Does anyone really care about opening a zip file to examine an RTF or JPEG file? This task—combined with a dull, unexciting, unstimulating subject line—competes with the content of the email to win a race of worthlessness. Spammers have traditionally used zip files to carry executables, but in most cases the subject line or the content of the message made an effort to encourage users to open the attachment.
There are cases of spamming attacks in which HTML attachments opened up a fully functional Web page, capable of carrying sensitive user information back to the fraudsters. However, with this latest spam attack using zipped files, not only have the spammers made an attempt to escape anti-spam filters, they’re missing out on reaching any users as well. The scope of returns for these messages looks to be much less rewarding than other comparable attacks.

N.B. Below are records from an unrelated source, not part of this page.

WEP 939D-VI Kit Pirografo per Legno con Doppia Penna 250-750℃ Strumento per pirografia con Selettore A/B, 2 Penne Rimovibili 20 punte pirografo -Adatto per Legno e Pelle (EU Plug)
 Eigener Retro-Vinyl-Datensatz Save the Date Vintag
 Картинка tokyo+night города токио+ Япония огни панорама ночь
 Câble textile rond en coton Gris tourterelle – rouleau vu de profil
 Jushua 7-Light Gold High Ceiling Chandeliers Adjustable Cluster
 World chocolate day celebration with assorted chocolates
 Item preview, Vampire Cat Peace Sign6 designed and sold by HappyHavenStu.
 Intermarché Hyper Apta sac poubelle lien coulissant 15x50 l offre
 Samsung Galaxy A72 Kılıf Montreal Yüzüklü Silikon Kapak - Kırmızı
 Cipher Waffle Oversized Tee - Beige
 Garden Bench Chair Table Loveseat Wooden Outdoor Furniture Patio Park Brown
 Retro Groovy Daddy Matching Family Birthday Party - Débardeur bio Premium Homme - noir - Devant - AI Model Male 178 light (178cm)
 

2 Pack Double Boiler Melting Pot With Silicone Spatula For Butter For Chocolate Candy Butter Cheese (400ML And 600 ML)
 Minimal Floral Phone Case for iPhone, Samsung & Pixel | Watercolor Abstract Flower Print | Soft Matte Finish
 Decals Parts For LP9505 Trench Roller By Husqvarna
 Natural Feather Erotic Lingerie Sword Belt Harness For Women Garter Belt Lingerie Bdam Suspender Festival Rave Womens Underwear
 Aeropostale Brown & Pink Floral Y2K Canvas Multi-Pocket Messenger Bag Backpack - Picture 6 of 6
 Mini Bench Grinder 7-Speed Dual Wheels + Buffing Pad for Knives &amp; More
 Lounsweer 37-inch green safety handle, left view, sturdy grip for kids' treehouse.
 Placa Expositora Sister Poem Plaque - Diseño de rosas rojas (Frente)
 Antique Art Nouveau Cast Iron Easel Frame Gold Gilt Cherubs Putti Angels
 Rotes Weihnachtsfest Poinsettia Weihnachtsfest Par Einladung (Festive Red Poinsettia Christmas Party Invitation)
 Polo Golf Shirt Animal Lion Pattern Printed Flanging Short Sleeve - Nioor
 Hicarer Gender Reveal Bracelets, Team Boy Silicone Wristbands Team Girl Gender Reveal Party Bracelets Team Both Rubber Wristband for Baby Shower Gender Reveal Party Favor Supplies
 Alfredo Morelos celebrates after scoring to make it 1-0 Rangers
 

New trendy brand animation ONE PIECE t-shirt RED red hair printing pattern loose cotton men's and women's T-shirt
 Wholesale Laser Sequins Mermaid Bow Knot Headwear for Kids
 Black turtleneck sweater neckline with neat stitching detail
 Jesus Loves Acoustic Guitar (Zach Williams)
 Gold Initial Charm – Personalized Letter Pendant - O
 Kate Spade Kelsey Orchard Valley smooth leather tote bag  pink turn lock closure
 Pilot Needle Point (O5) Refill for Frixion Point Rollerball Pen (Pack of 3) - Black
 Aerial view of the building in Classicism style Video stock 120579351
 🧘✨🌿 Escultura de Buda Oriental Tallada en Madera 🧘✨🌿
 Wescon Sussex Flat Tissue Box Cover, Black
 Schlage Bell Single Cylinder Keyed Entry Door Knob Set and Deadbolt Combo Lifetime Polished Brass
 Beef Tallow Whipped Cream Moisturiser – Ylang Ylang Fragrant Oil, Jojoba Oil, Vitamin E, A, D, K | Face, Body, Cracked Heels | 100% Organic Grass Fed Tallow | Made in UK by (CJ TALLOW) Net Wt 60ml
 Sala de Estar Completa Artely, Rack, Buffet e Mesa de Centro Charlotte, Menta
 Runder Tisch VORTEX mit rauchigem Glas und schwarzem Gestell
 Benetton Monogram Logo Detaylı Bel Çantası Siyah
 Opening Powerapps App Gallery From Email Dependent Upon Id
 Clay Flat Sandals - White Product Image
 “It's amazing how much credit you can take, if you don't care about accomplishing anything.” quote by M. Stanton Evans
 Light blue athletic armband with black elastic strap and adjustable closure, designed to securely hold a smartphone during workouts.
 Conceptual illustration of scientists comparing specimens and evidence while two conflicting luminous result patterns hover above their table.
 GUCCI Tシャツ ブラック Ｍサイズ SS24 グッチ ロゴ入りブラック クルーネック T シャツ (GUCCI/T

We are saying this attack will be less profitable because this isn’t the first time that a particular document type has been used to advertise medicinal pills. I’m referring to a case in which the spam campaign was suddenly abandoned after a 24- to 48-hour flood of spam messages. Last year, we had witnessed a similar attack using RTF attachments with random subject lines and no content. This attack too did not last long. Here’s an example image of the spam messages observed in May 2009:
In another similar sort of campaign, even JPEG image files were zipped—another case of complicating affairs for anti-spam filters. This attack also made a short appearance that really just looked like a trial run. Perhaps it gave a similar RTF-kind of feeling to the spammers and as a result the unfussy (not zipped) image spam attacks may be making their return:
So, the question remains, did zipping RTF or JPEG files really help? We strongly feel it did not help at all. Lesser returns on investment and a lack of user attention to these messages (if they ever actually reached a user inbox) may have been a big discouragement for spammers to continue this spam campaign.